* Exercise directions
Of the lines below, write out exactly those from the line with "Two pastel cute" through the line with "Front view of", both included, and skip the rest.

* Data for processing

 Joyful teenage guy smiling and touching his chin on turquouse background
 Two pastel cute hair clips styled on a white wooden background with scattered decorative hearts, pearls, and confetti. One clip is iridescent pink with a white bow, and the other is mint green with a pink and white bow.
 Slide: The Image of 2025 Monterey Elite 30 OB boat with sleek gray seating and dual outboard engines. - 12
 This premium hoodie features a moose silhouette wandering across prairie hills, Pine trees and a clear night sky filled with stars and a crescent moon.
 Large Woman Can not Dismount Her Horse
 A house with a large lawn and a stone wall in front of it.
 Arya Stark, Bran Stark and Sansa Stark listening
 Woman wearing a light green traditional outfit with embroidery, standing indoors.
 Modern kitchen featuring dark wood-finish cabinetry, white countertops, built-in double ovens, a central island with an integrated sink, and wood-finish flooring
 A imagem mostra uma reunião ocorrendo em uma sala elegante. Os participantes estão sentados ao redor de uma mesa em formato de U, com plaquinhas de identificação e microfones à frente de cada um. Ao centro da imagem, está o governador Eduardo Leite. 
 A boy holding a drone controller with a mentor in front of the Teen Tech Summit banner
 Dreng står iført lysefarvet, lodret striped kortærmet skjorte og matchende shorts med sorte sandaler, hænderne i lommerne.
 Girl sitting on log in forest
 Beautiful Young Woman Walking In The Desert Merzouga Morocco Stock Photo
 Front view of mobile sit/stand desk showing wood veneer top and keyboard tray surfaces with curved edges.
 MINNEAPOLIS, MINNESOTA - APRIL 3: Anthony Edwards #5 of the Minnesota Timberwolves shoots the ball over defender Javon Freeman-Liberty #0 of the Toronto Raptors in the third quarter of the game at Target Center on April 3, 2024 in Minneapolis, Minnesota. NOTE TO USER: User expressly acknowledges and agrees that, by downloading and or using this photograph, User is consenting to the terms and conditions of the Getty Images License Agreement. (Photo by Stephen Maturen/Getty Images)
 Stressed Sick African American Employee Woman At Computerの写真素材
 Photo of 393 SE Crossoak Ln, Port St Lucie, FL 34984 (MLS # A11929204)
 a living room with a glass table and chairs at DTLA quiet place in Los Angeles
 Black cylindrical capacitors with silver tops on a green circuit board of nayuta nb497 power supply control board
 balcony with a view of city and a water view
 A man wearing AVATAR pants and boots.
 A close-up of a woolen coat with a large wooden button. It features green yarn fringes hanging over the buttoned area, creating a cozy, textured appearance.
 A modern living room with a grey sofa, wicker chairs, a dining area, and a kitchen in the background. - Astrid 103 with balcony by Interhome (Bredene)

* Result
 Two pastel cute hair clips styled on a white wooden background with scattered decorative hearts, pearls, and confetti. One clip is iridescent pink with a white bow, and the other is mint green with a pink and white bow.
 Slide: The Image of 2025 Monterey Elite 30 OB boat with sleek gray seating and dual outboard engines. - 12
 This premium hoodie features a moose silhouette wandering across prairie hills, Pine trees and a clear night sky filled with stars and a crescent moon.
 Large Woman Can not Dismount Her Horse
 A house with a large lawn and a stone wall in front of it.
 Arya Stark, Bran Stark and Sansa Stark listening
 Woman wearing a light green traditional outfit with embroidery, standing indoors.
 Modern kitchen featuring dark wood-finish cabinetry, white countertops, built-in double ovens, a central island with an integrated sink, and wood-finish flooring
 A imagem mostra uma reunião ocorrendo em uma sala elegante. Os participantes estão sentados ao redor de uma mesa em formato de U, com plaquinhas de identificação e microfones à frente de cada um. Ao centro da imagem, está o governador Eduardo Leite. 
 A boy holding a drone controller with a mentor in front of the Teen Tech Summit banner
 Dreng står iført lysefarvet, lodret striped kortærmet skjorte og matchende shorts med sorte sandaler, hænderne i lommerne.
 Girl sitting on log in forest
 Beautiful Young Woman Walking In The Desert Merzouga Morocco Stock Photo
 Front view of mobile sit/stand desk showing wood veneer top and keyboard tray surfaces with curved edges.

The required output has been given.